Following Dogen Zenji, the Dharma lamp was transmitted to Ejo Zenji, then to Gikai Zenji, and then to Keizan Zenji, who was the fourth ancestor in the Japanese Soto Zen lineage.
Keizan Zenji was born in 1264 in Echizen Province, which is present-day Fukui Prefecture. His mother, Ekan Daishi, was a devoted believer in Kannon Bosatsu (Avalokiteshvara), the bodhisattva of compassion. It is said that she was on her way to worship at a building dedicated to Kannon when she gave birth.

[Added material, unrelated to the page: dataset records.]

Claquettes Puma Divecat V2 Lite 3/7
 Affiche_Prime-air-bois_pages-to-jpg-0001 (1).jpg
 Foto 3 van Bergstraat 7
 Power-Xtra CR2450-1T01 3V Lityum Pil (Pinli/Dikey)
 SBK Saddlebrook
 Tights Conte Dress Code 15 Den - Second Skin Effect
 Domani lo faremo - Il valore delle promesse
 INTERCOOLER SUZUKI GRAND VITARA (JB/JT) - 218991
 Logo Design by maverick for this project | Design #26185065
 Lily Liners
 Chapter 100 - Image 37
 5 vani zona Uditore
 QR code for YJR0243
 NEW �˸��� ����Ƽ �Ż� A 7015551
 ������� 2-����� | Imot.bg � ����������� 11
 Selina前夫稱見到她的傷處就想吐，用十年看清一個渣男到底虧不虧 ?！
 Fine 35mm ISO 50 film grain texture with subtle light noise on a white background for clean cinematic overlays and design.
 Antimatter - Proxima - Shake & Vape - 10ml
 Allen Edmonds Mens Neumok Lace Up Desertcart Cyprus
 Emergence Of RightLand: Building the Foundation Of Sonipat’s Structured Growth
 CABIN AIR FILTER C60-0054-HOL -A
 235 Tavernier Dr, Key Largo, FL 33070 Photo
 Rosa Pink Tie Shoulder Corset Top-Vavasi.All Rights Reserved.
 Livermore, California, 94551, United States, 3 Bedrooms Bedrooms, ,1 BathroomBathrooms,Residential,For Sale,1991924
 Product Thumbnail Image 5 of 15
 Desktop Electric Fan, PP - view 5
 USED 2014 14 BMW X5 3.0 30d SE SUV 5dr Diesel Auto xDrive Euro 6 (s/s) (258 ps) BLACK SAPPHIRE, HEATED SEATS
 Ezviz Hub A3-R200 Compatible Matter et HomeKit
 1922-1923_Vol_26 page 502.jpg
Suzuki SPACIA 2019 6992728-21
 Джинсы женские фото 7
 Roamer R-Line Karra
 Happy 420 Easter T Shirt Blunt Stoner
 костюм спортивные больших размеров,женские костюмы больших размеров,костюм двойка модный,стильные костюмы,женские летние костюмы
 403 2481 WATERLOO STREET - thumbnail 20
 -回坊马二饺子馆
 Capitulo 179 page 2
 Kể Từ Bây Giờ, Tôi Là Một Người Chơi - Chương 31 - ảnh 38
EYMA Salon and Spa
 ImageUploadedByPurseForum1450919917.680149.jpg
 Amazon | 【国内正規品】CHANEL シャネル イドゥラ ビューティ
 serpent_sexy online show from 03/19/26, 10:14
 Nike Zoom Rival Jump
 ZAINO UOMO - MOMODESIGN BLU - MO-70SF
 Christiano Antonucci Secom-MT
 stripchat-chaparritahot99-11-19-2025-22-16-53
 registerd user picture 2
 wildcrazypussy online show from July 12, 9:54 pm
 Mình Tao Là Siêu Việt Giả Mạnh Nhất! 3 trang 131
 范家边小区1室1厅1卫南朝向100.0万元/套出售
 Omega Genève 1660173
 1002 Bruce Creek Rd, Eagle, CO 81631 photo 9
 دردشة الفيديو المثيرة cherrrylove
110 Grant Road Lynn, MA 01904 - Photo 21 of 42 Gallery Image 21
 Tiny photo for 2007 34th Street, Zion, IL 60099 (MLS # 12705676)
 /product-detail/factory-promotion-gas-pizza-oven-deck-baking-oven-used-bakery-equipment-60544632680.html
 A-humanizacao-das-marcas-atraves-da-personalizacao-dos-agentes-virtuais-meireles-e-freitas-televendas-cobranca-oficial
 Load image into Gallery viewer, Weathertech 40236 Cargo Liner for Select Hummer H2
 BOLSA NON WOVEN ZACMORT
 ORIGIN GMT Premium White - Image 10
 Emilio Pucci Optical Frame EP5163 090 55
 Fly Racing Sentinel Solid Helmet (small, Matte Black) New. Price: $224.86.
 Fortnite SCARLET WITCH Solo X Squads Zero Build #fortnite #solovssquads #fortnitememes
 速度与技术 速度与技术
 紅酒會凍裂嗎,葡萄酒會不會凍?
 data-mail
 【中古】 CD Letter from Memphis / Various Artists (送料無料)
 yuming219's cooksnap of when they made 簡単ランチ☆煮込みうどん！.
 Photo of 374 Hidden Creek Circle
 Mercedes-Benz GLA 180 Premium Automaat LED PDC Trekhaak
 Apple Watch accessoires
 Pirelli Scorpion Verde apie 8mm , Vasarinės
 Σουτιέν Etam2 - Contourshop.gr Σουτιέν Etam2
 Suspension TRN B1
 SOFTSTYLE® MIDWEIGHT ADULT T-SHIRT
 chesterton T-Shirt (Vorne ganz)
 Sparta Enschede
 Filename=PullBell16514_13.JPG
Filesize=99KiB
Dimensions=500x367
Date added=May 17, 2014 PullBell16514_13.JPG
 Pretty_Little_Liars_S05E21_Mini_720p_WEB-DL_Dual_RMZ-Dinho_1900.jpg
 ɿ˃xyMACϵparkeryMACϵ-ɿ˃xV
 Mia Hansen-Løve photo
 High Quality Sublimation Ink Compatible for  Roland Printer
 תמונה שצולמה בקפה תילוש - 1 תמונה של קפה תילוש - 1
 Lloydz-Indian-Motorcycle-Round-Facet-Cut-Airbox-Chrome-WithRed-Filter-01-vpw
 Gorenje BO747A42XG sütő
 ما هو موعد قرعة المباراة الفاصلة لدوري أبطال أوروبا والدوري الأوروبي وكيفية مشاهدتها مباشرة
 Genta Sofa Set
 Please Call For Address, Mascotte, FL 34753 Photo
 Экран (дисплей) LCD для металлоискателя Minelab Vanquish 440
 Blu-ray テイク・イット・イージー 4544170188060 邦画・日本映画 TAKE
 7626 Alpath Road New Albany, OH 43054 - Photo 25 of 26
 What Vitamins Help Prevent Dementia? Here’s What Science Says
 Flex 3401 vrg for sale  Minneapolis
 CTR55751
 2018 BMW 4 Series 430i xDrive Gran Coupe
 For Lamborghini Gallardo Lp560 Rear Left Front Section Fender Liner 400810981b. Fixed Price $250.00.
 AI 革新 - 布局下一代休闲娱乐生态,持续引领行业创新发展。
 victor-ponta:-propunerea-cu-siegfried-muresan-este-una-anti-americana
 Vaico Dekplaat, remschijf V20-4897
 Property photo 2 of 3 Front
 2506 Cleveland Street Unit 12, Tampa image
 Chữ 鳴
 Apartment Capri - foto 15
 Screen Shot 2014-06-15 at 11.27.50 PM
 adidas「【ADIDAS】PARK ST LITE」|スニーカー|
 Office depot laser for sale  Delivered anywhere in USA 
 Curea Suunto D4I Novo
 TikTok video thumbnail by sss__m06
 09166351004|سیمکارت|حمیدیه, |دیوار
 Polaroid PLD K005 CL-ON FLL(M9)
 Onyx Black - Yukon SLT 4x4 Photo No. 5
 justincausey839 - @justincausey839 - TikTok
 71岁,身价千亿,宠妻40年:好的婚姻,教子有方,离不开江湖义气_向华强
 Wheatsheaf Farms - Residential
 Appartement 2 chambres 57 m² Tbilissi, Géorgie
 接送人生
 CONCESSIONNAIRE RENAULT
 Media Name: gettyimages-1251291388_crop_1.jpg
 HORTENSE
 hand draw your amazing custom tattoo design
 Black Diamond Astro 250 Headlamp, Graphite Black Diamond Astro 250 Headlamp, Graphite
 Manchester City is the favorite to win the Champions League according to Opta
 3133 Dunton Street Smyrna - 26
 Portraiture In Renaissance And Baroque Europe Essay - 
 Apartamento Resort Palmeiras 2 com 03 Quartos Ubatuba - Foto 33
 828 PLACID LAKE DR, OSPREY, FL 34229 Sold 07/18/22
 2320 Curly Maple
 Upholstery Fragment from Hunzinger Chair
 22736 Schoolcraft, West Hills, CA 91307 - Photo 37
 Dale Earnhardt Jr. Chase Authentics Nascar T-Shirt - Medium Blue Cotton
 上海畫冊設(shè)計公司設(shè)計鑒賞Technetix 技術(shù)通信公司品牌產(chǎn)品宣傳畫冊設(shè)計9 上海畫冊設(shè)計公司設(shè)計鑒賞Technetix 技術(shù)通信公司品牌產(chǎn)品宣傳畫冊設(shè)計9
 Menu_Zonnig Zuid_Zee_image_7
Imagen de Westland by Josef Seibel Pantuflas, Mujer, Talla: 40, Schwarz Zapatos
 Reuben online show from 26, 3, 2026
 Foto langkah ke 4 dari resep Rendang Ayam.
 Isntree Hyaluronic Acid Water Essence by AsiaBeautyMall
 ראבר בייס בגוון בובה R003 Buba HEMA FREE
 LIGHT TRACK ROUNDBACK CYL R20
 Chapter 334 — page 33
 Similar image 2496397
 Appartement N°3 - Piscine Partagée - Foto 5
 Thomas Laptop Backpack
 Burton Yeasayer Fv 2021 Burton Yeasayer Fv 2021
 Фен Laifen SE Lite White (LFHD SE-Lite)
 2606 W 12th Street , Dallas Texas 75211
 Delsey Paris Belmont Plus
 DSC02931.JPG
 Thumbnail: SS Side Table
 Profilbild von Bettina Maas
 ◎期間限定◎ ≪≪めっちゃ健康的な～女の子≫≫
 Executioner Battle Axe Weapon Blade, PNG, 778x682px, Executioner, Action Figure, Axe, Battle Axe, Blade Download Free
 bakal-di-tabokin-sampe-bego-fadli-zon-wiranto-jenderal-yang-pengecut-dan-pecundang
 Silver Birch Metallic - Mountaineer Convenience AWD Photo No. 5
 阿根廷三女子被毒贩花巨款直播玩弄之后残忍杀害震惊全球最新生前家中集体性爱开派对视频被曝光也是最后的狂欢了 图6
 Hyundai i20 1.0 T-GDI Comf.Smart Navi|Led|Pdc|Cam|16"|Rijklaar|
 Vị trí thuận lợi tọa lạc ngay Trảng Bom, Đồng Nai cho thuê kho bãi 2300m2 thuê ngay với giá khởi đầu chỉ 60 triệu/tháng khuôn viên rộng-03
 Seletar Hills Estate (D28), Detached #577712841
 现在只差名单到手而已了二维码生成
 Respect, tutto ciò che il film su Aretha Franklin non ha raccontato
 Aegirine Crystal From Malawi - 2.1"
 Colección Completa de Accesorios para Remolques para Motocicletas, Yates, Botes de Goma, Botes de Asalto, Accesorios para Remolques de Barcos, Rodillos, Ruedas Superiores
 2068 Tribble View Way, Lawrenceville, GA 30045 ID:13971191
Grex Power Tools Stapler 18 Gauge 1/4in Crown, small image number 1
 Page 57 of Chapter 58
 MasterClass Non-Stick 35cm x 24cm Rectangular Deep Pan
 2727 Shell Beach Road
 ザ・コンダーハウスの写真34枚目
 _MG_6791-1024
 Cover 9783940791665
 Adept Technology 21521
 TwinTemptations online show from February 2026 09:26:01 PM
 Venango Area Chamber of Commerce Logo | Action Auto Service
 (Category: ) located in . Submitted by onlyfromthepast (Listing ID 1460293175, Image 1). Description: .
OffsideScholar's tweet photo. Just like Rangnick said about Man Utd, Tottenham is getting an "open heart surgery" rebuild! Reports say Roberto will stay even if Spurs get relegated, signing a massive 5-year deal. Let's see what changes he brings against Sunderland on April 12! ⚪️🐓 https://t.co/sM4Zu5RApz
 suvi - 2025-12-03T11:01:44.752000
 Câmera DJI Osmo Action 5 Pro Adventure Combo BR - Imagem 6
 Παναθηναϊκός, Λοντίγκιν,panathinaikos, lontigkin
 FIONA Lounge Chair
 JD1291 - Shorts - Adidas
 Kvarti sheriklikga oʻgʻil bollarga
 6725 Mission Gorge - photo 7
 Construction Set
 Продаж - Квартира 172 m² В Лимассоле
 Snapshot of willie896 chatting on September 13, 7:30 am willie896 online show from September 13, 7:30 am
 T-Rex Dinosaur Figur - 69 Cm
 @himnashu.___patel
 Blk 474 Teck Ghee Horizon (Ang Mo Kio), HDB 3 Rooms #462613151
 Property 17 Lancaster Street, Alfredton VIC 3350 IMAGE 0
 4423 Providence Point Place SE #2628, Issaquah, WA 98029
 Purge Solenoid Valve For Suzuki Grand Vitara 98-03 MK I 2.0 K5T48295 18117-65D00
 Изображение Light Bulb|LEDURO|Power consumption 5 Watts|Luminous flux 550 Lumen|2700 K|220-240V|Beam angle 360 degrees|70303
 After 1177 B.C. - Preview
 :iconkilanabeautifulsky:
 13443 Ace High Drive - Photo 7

For that reason, the name that Keizan Zenji was given at birth was Gyosho.
At the age of eight, he shaved his head and entered Eiheiji where he began his practice under the third abbot, Gikai Zenji. At the age of thirteen, he again went to live at Eiheiji and was officially ordained as a monk under Ejo Zenji. Following the death of Ejo Zenji, he practiced under Jakuen Zenji at Hokyoji, located in present-day Fukui. Spotting Keizan Zenji’s potential ability to lead the monks, Jakuen Zenji selected him to be ino, the monk in charge of the other monks’ practice.
In contrast to Dogen Zenji, who deeply explored the internal self, Keizan Zenji stood out with his ability to look outwards and boldly spread the teaching. For the Soto Zen School, the teachings of these two founders are closely connected with each other. In spreading the Way of Buddha widely, one of them was internal in his approach while the other was external.
After more years of practice in Kyoto and Yura, Keizan Zenji became resident priest of Jomanji in Awa, which is present-day Tokushima Prefecture. He was twenty-seven years old. During the next four years, he gave the Buddhist precepts to more than seventy lay people. From this we can understand Keizan Zenji’s vow to free all sentient beings through teaching and transmitting the Way.
He also came forth emphasizing the equality of men and women. He actively promoted his women disciples to become resident priests. At a time when women were unjustly marginalized, this was truly groundbreaking. This is thought to be the origin of the organization of Soto Zen School nuns and it was for this reason many women took refuge in Buddha, Dharma, and Sangha.
Keizan Zenji finally moved back to Daijoji, in present-day Kanazawa City, where he became the second abbot, following Gikai Zenji. It was here that he gave teisho on Transmission of Light (Denkoroku). This book explains the circumstances by which the Dharma was transmitted from Shakyamuni Buddha through the twenty eight ancestors in India, the twenty three patriarchs in China, through Dogen Zenji and Keizan Zenji in Japan until Keizan’s teacher, Tettsu Gikai.
In 1321 at the age of fifty-eight, a temple called Morookaji in Noto, which is present-day Ishikawa Prefecture, was donated to Keizan Zenji and he renamed it Sojiji. This was the origin of Sojiji in Yokohama, which is, along with Eiheiji, the other Head Temple (Daihonzan) of the Soto Zen School.
Keizan Zenji did not, by any means, make light of the worldly interests of ordinary people and along with the practice of zazen used prayer, ritual, and memorial services to teach. This was attractive to many people and gave them a sense of peace. For this reason, the Soto Zen School quickly expanded.
Even in the Soto Zen School today, while all temples have zazen groups to serve the earnest requests of believers, they also do their best to fulfill the requests that many people have for benefiting in the everyday world, which include memorial services and funerals.
Keizan Zenji died in 1325 at the age of sixty-five. In succeeding years, his disciples did a good job in taking over for him at Sojiji on the Noto Peninsula. However, that temple was lost to fire in 1898. This provided the opportunity in 1907 to move Sojiji to its present location. The former temple was rebuilt as Sojiji Soin and continues today with many supporters and believers.